Network-based strategies in metabolomics data analysis and interpretation: from molecular networking to biological interpretation

biological interpretation
data analysis
metabolomics
molecular networking
network analysis
review
  • Focus: This review highlights the use of network-based strategies as essential tools for analyzing and interpreting complex metabolomics data, especially from untargeted Mass Spectrometry (MS).
  • Molecular Networking (MN): Used to organize MS/MS spectral data based on chemical structural similarity, thereby facilitating the identification of unknown compounds in chemical families.
  • Metabolic Networks: Constructed using statistical correlation between metabolite abundance levels to infer functional and biological relationships, enabling mapping onto known biochemical pathways for biological contextualization.
Published

23 January 2026

PubMed: 32380880 DOI: 10.1080/14789450.2020.1766975 Overview generated by: Gemini 2.5 Flash, 28/11/2025

Key Focus: Network-Based Approaches for Metabolomics Data

This review article focuses on network-based strategies as essential computational tools for the analysis and interpretation of complex metabolomics data. It highlights how these methods move beyond simple compound identification and quantification to provide crucial insights into metabolic pathways and biological context.

The Challenge and the Solution

  • Challenge: Metabolomics datasets, especially those generated by untargeted Mass Spectrometry (MS), are vast and complex, containing numerous features (ions) that are often challenging to identify, map to biological functions, and integrate into a cohesive biological understanding.
  • Solution: Network analysis offers a powerful way to organize these complex datasets into visual and interpretable structures, revealing relationships between metabolites based on either chemical similarity (Molecular Networking) or biological correlation (Metabolic Network Reconstruction).
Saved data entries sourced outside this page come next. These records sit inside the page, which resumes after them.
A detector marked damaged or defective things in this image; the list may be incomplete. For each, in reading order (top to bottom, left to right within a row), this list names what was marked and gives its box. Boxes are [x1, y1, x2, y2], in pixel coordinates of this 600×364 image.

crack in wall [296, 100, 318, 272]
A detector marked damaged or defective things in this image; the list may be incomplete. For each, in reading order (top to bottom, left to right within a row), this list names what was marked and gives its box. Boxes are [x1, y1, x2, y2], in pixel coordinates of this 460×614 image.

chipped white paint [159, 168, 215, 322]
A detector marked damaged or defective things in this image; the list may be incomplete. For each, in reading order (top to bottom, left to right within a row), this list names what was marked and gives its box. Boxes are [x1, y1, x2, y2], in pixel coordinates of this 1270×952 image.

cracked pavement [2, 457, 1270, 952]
Network Strategies and Methods

The review divides network strategies into two main categories:

1. Molecular Networking (MN)

  • Goal: To organize MS/MS spectra of unknown compounds based on chemical structural similarity.
  • Mechanism: MN algorithms cluster compounds whose fragmentation spectra suggest they are structurally related (e.g., belong to the same chemical family or pathway), thereby facilitating the identification of unknown compounds in a large family once a single member is characterized.
  • Advanced Tools: The use of complementary tools like MolNetEnhancer is highlighted, which combines MN with chemical classification tools to provide structural family enrichment and better chemical context.
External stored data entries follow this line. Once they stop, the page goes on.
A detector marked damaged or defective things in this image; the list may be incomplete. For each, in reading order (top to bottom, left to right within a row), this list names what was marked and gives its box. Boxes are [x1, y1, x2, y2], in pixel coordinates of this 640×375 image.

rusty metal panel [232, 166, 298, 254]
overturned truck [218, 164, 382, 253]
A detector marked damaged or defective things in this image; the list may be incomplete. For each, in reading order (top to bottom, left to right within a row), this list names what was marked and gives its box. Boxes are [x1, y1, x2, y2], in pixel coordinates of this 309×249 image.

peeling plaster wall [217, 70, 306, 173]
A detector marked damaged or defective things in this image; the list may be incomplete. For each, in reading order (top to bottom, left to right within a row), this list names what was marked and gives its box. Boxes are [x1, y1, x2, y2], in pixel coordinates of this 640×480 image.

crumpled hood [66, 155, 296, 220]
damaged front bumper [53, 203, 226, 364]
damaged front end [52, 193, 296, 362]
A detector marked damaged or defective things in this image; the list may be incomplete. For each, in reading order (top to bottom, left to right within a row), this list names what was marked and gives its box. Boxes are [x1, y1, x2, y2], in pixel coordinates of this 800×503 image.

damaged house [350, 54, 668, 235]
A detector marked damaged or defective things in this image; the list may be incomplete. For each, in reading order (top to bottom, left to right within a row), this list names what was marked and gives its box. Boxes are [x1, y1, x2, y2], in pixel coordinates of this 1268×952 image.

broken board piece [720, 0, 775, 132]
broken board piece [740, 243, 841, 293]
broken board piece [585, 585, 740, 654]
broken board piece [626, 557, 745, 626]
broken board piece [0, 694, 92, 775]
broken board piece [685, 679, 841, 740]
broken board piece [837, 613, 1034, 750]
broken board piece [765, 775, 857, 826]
2. Metabolic Network Reconstruction

  • Goal: To infer functional and biological relationships between metabolites.
  • Correlation Networks: These networks use statistical correlation between metabolite abundance levels across different samples (or time points) to infer shared regulation or sequential steps in a metabolic pathway.
  • Biological Mapping: The ultimate aim is to map the identified metabolites and their relationships onto established biochemical pathways (e.g., KEGG, Reactome) to gain biological meaning and contextualize changes observed in response to a perturbation or disease state.

Applications and Importance

Network-based strategies are crucial for several areas in metabolomics:

  • Unknown Metabolite Identification: MN is especially valuable in natural product research and untargeted metabolomics for annotating large numbers of unknown spectral features.
  • Data Reduction and Visualization: Networks simplify highly dimensional data into intuitive visual representations that highlight key regulatory hubs or pathways.
  • Integration with Other Omics: The network approach facilitates the integration of metabolomics data with genomics, transcriptomics, and proteomics by mapping different molecular layers onto shared biological pathways.

Conclusion

The review concludes that network-based approaches are evolving rapidly, moving from basic visualization tools to sophisticated platforms for chemical and biological interpretation. They are indispensable for handling the inherent complexity of the metabolome and translating raw data into meaningful biological insights.